One chapter I found particularly eye-opening described some Harvard students' attempts to start up a dorm-room cleaning service called "DorMaid," which was not only attacked for its "sexist" name but also because some Harvard students would inevitably not be able to afford the service. ("There is no reason to exacerbate [class] differences further with a room-cleaning service," huffed an editorial in the Harvard Crimson.)

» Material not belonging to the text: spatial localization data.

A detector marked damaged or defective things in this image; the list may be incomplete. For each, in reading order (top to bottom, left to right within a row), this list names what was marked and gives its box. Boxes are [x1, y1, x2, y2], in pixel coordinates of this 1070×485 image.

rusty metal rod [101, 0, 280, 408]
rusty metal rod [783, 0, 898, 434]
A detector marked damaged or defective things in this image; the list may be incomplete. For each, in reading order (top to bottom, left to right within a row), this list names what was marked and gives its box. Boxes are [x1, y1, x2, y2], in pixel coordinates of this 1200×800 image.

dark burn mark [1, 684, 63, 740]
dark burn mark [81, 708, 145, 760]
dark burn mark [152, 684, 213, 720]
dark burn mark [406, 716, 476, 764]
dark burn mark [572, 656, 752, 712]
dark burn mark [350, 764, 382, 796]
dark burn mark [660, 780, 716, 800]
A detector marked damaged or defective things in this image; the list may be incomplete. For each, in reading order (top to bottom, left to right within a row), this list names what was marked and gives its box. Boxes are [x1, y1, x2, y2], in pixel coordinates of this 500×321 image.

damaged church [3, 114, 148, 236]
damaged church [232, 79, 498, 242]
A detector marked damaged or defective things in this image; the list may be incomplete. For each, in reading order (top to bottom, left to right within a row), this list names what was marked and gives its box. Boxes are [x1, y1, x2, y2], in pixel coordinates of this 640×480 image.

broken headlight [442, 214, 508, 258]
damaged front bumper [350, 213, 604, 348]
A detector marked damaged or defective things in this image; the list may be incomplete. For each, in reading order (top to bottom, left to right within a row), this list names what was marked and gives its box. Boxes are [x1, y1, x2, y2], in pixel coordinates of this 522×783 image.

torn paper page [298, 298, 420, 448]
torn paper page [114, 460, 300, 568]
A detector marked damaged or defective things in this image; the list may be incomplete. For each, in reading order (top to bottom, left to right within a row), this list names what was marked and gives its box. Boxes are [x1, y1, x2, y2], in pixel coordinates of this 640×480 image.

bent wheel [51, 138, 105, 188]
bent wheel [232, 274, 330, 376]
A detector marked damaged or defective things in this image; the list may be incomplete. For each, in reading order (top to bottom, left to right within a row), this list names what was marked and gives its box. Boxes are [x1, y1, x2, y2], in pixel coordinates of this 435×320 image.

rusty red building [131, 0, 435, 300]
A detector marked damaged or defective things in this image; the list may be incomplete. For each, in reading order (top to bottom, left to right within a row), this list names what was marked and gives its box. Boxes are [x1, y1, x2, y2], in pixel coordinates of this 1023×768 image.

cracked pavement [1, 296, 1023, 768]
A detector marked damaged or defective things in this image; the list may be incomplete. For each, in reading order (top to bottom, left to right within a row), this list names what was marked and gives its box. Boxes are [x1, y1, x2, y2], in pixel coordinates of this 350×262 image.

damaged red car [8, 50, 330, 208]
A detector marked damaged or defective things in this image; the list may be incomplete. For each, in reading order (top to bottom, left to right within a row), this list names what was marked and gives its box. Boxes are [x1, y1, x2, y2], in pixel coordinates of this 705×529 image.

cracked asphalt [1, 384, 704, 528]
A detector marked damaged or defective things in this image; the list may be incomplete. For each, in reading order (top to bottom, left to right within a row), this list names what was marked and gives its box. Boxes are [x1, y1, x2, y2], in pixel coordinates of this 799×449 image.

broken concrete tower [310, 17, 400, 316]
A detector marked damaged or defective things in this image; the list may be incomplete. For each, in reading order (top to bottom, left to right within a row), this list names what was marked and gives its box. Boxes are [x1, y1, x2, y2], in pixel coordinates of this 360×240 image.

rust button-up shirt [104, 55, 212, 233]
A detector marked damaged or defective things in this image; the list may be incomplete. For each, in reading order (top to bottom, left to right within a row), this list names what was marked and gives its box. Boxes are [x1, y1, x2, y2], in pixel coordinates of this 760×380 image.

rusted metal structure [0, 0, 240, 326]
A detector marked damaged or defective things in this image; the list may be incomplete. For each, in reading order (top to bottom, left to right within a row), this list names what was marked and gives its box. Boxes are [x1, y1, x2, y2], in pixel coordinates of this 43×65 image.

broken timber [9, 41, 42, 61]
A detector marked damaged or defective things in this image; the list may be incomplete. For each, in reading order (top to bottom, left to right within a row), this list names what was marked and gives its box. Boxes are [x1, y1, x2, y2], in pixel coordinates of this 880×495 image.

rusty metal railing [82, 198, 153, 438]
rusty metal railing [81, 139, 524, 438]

On the other hand, some of the outrages described in Muzzled, like the BBC's stubborn refusal to use the word "terrorism" to describe terrorism, have been reported and debated time and time again, long before Muzzled came out. Others, like the ridiculous "water buffalo" incident at the University of Pennsylvania, were big news on conservative talk radio over a decade ago. (To his credit, Smerconish recounts some details about the case about which I hadn't heard, but God knows it wouldn't have been hard to find some more recent cases.)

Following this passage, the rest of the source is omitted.